The Adventurous Lectionary – January 13, 2019– The Baptism of Jesus
Luke 3:15-17, 21-26
In the liturgical calendar, the Baptism of Jesus reminds us to remember our baptisms. Water gives life both physically and spiritually and while baptism is a visible sign of God’s grace, it also points beyond itself to the universality of divine love. God’s word to God’s beloved Jesus is addressed to every child. There is no “double predestination,” no one is forgotten in the circles of divine love. Providence extends to all, within and beyond the Christian family. Accordingly, the grace of baptism also calls us to see God’s grace as extending beyond those who are baptized. Baptism does not enroll us in a select camp of saved persons. If baptism becomes the ticket to God’s favor, then it contradicts the grace it affirms. While God’s grace invites us to respond, grace is always unmerited and unconditional.

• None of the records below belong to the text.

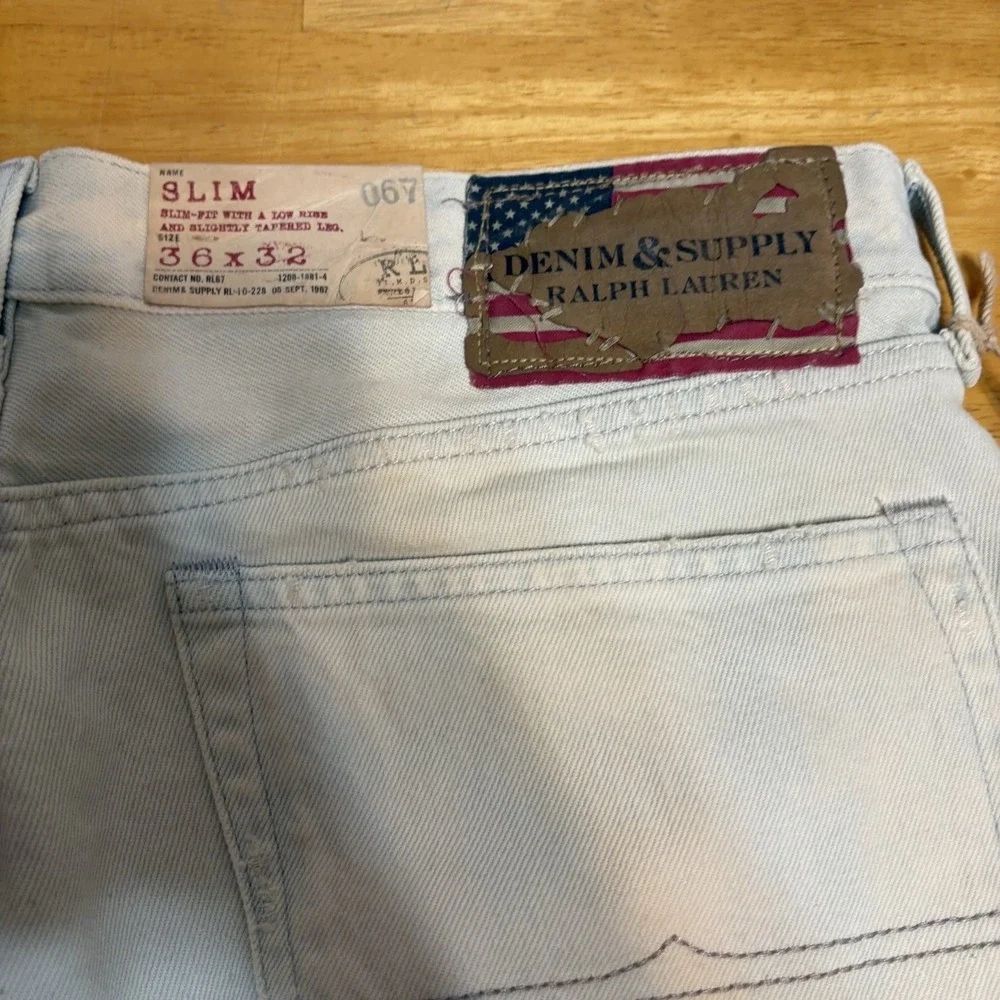 Denim & Supply Ralph Lauren Jeans Womens 36x32 Slim Fit‎ Low Rise White Distress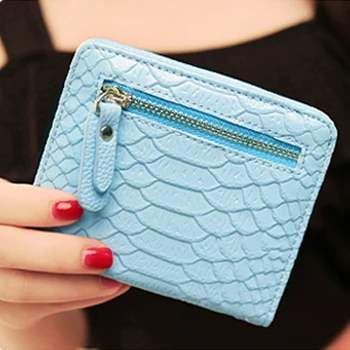 

New Fashion Women Short Wallet Serpentine Pattern ID Credit Card Holder Handbag Purse Case Mini Hasp Wallet Coin Purse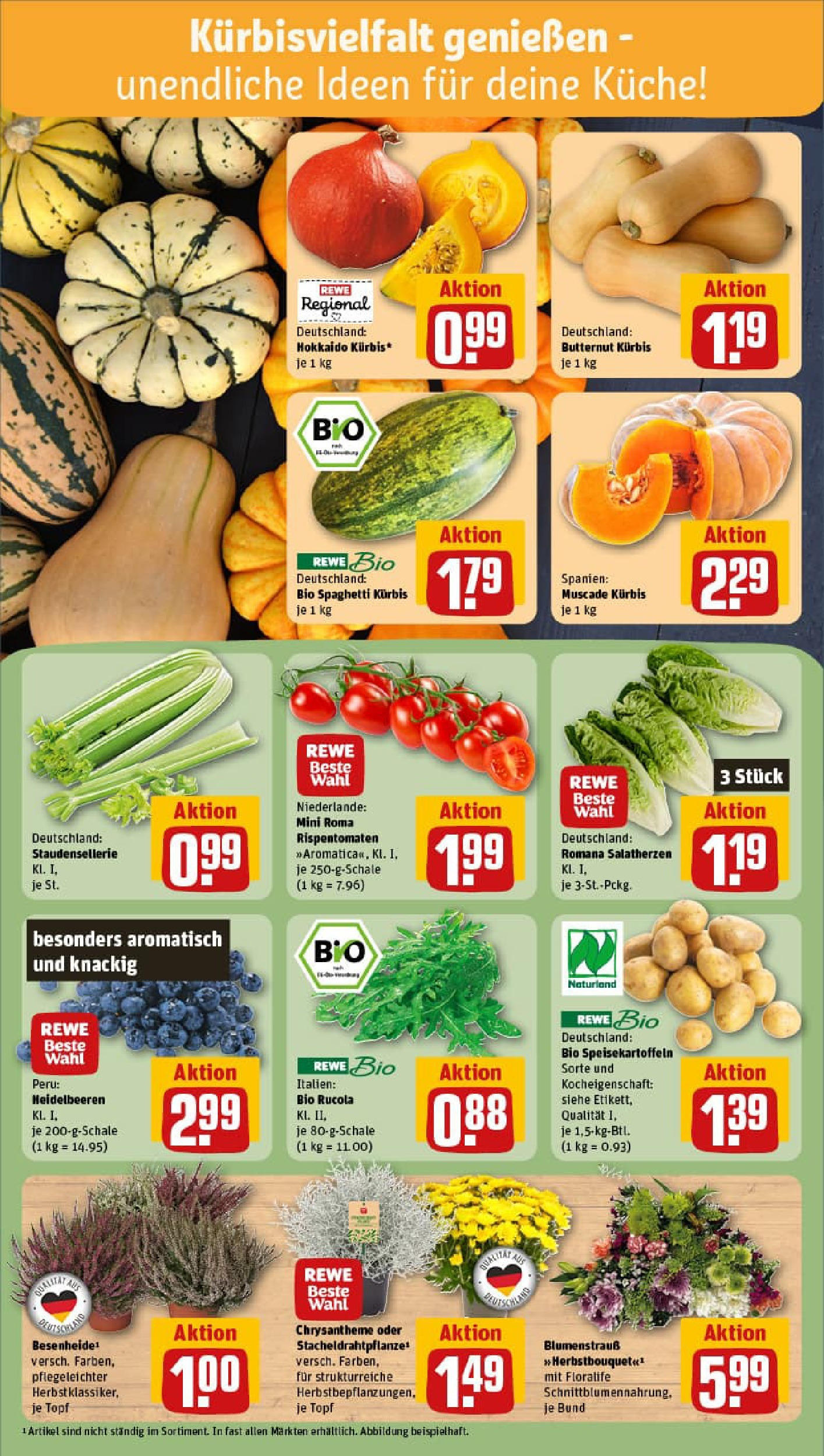 REWE Prospekt ab 06.10.2025 zum Blättern » Angebote | Seite: 5 | Produkte: Rucola, Küche, Heidelbeeren, Kürbis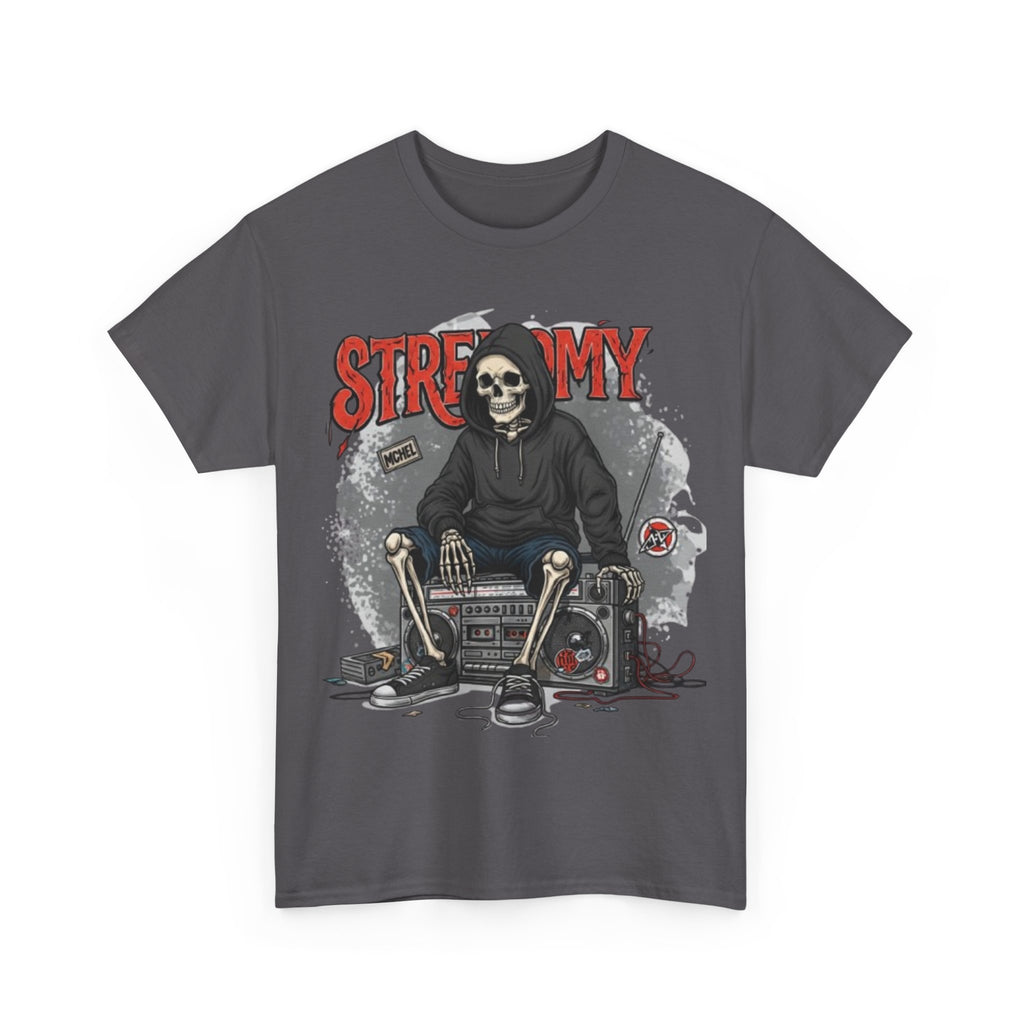 Skeleton DJ Tee — “STRF MY” Retro Grunge Music Skull T-Shirt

The little babies I’ve baptized over the years cannot earn God’s favor. They receive it simply as God’s beloved. Later they may affirm this grace in confirmation, but grace is always prior to any achievement, including our ability to believe. Moreover, those who, like me are part of the believer’s baptism tradition, made a decision to accept Jesus and then be baptized are also receiving grace. Our response is conditioned by a love supreme that can never be earned. Our “yes” opens us to greater divine energy and possibility, but not greater love. Jesus is God’s beloved not just as a result of his piety and unique relationship with God; he is God’s beloved to show us that we are also loved by God, regardless of our past mistakes or future challenges.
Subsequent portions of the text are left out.